## Exercise requirements
What you write should be an exact repeat of the lines from the one with "Heritage Tanalised six" through the final line below, minus the pictures.

## Dataset section
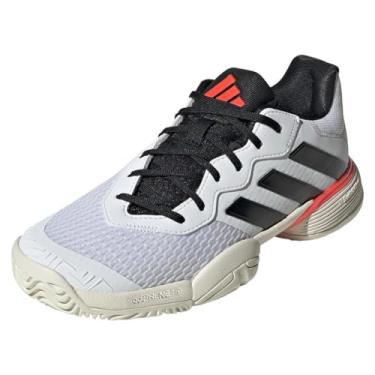 Imagem de adidas Tênis masculino Barricade (criança pequena/criança grande), Branco/preto/branco, 1 Little Kid
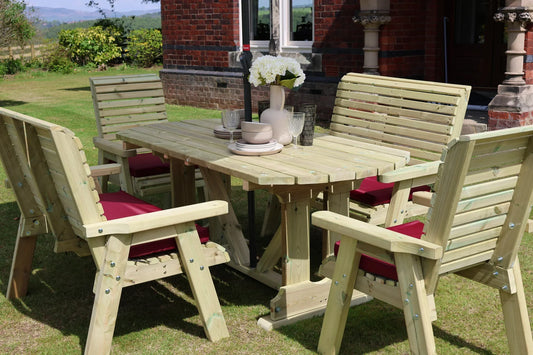 Heritage Tanalised six seat table set with chairs, benches and burgundy seat cushions
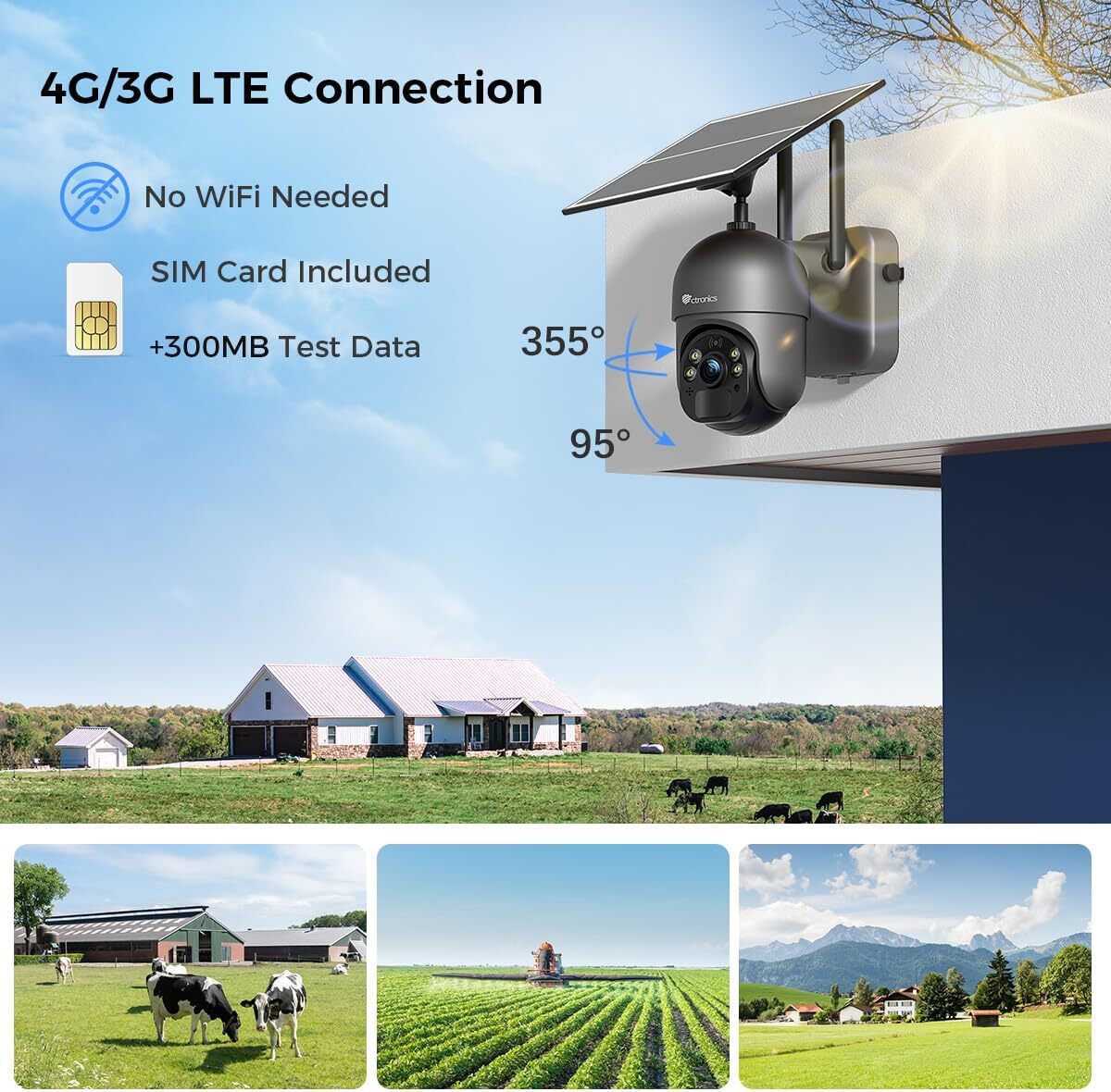 Caméra de Surveillance 4G LTE CTRONICS - Alimentation Solaire, Vision Nocturne Couleur et Détection PIR Noir - 2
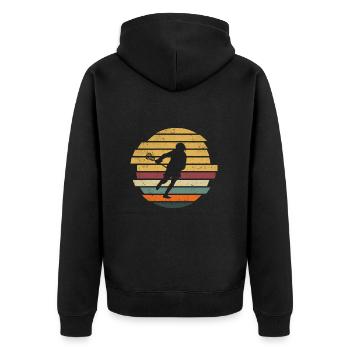 Lacrosse Retro Lacrosse Player LAX - Unisex Premium Organic Zip Hoodie - black - Back - Nico (187cm)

## Reply
 Heritage Tanalised six seat table set with chairs, benches and burgundy seat cushions
 Caméra de Surveillance 4G LTE CTRONICS - Alimentation Solaire, Vision Nocturne Couleur et Détection PIR Noir - 2
 Lacrosse Retro Lacrosse Player LAX - Unisex Premium Organic Zip Hoodie - black - Back - Nico (187cm)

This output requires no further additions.